Hace
un tiempo, fui a Londres a celebrar mi cumpleaños. Había esperado ese viaje
toda mi vida. Mi mitomanía británica siempre estuvo allí. De pequeña leía
a Sherlock Holmes. Cuando mis padres decidieron apuntarme a una actividad
extraescolar, me apuntaron a inglés. Cuando yo me quise borrar porque en clase
lo pasaba fatal y mis compañeros, hoy saldrían en un programa de T5 contra el
bullying, mis padres me hicieron quedar y seguir estudiando. Recuerdo a mi yaya enseñándome a dar una patada a los niños “donde
duele”. Que duros eran los setenta para alguien con gafas y jerseys tejidos por
su abuela...
Bueno,
pues seguí.

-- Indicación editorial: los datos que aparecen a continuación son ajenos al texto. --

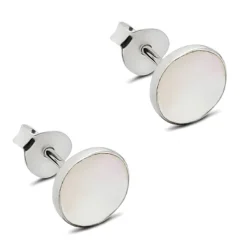 Studio Jewellery Stud Earrings | Earrings-Medium White Shell Silver Earring Studs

Además, de mayor veía series como “Eastenders”, bebía té, escuchaba
a los beatles, y mi icono era un poster de “Blow up” con David Hemmings en
blanco y negro.
Cuando
empecé a viajar, Londres siempre me parecía una buena oportunidad, pero por una
cosa o otra siempre acababa en otro sitio.
Cuando
llegué a Londres, descubrí que ya había estado allí. Resulta que Londres se
parecía a cualquier otra ciudad europea. Naturalmente disfruté de todo. Bebí
té, paseé por los parques, pagué precios indecentes por la cerveza y vi a la
gente vestida de Halloween. Hice fotos. Visité museos. Mercadillos. La entrada
del Hotel Savoy. El puente. La piedra Rossetta. El Big Ben. Y todo lo que un
turista suele hacer en un corto viaje a una ciudad. Pero tenía la sensación de
que ese viaje me llegaba 20 años tarde.
Entonces
conocí a un gato. Un día, allí estábamos en la terraza de un pub, cuando se nos acercó
un músico callejero con un gato en el hombro. El músico tocaba a cambio de
monedas y el gato llevaba bufanda. Hablamos un poco, le pregunté cómo se
llamaba el gato y me dijo que “Bob”. No se me ocurrió preguntarle como se
llamaba él. Pues resulta que se llama James Bowen, porque acabo de ver que ha
sacado un libro explicando la historia del gato, y claro, la suya propia. Volví
a ver al músico del gato cerca del centro. Siempre estaba rodeado de turistas que
hacían más caso a Bob que al pobre músico.
No
he leído el libro, voy a hacerlo en breve, a ver si lo consigo en versión
original.
Al
ver el libro del “gato callejero llamado Bob”. Recordé porqué me gustaba tanto
Londres. Y es que cuando yo era adolescente, y el mundo quedaba muy lejos de
mi, Londres era esa promesa de un mundo mejor, donde todo era posible, donde
pasaba todo lo interesante, donde había punks en Picadilly Circus, brujas en
Portobello, detectives en Baker Street, nannys que viajaban en paraguas...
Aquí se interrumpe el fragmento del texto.